April 20, 2026
Fast tokens, faster backlash
We got 207 tok/s with Qwen3.5-27B on an RTX 3090
Dev claims ‘207 tokens per second’ on old GPU and sparks a full-on AI comment war
TLDR: A small team claims a big speed boost for running AI on a home gaming graphics card, shouting about “207 tokens per second” like a high score. Commenters quickly split between fans of the speedup and critics calling it overhyped, Nvidia‑locked, and potentially lower‑quality — exposing deep rifts over who local AI really serves.

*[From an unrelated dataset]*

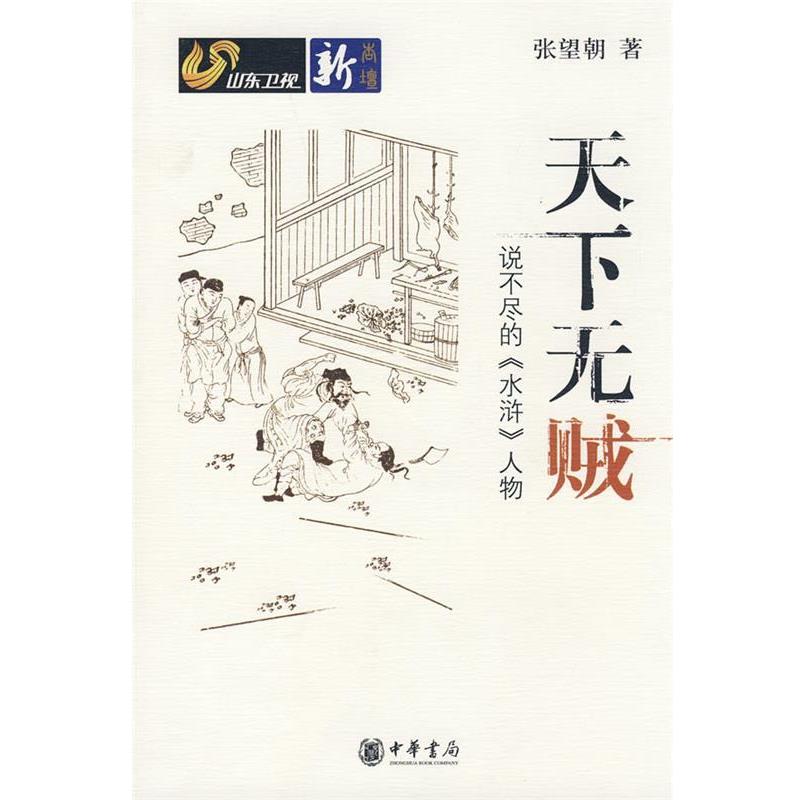 【正版书】 天下无贼说不尽的《水浒》人物 张望朝 著 中华书局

A tiny open‑source team showed off a turbo‑charged way to run a big AI model on a four‑year‑old graphics card, bragging about “207 tokens per second” like it’s a new land‑speed record. But while the code nerds were busy drooling over charts, the comments turned into a full‑blown custody battle over truth, hype, and who AI is really for.
One camp is hyped: GreenGames drops numbers like a race announcer, claiming over 5× speed‑ups and “no more cloud bills” if you’ve got a beefy gaming card at home. But almost immediately lostmsu jumps in with the bucket of cold water: you didn’t really hit 207, you used a shortcut called “speculative decoding” that may make the AI’s answers worse. In plain English: it talks faster because it’s kind of guessing ahead.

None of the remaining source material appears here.